1 Introduction

It is well known that the contraction mapping principle of Banach [1] was the starting point of great discoveries and advances in mathematics, in particular in nonlinear analysis. This principle was the subject of several extensions by means of various generalized contractions (see, for example, [210]). Among the most relevant results in this direction one can give that of Meir and Keeler [11] who proved the following fixed point result.

Theorem 1.1

Let \((X,d)\) be a complete metric space and let f be a mapping from X into itself satisfying the following condition:

$$ \forall\epsilon>0, \exists\delta(\epsilon)> 0 \quad \textit{such that}\quad \epsilon\leq d(x,y)< \epsilon+ \delta(\epsilon)\quad \Longrightarrow \quad d\bigl(f(x),f(y) \bigr)< \epsilon. $$

Then f has a unique fixed point \(u \in X\). Moreover, for all \(x \in X\), the sequence \(\{f^{n}(x)\}\) converges to u.

As pointed out in [11], it is easy to observe that the conclusion of Banach theorem holds for the contraction in Theorem 1.1 which is called a strict contraction, that is, it satisfies

$$d\bigl(f(x),f(y)\bigr)< d(x,y)\quad \text{for } x\neq y. $$

In 1984, Gupta and Saxena proved the following fixed point result.

Theorem 1.2

Let \((X,d)\) be a complete metric space and let f be a continuous mapping from X into itself satisfying

$$d\bigl(f(x),f(y)\bigr)\leq\alpha_{1} \frac {(1+d(x,f(x)))d(y,f(y))}{1+d(x,y)}+ \alpha_{2} \frac {d(x,f(x))d(y,f(y))}{d(x,y)}+\alpha_{3}d(x,y) $$

for all \(x,y \in X\), \(x\neq y\), where \(\alpha_{1}\), \(\alpha _{2}\), \(\alpha_{3}\) are constants with \(\alpha_{1},\alpha_{2},\alpha _{3}> 0\) and \(\alpha_{1}+\alpha_{2}+\alpha_{3}< 1\).
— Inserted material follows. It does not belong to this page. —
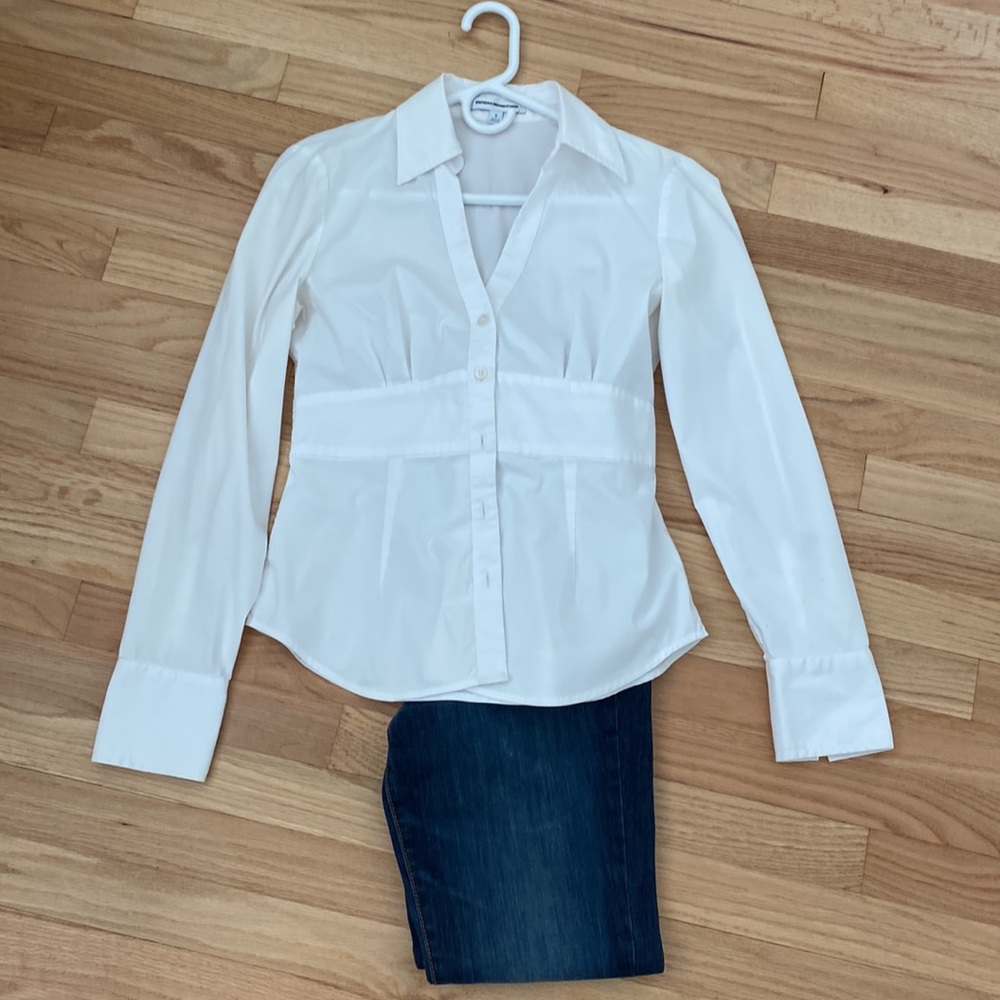 White Cotton Express Blouse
Then f has a unique fixed point \(u\in X\). Moreover, for all \(x \in X\), the sequence \(\{f^{n}(x)\}\) converges to u.

For more details on this theorem, we refer, e.g., to [12, 13].

In this paper, we establish a new fixed point theorem of Meir-Keeler type involving Gupta-Saxena expression which extends Theorem 1.2 in the case where \(\alpha_{1},\alpha _{2},\alpha_{3} \in\, ]0, \frac{1}{3}[\). We also apply our theoretical results to contractions of integral type.

2 Main results

Our main result is the following theorem.

Theorem 2.1

Let \((X,d) \) be a complete metric space and let \(f: X \rightarrow X\) be a continuous mapping. Assume that the following condition holds.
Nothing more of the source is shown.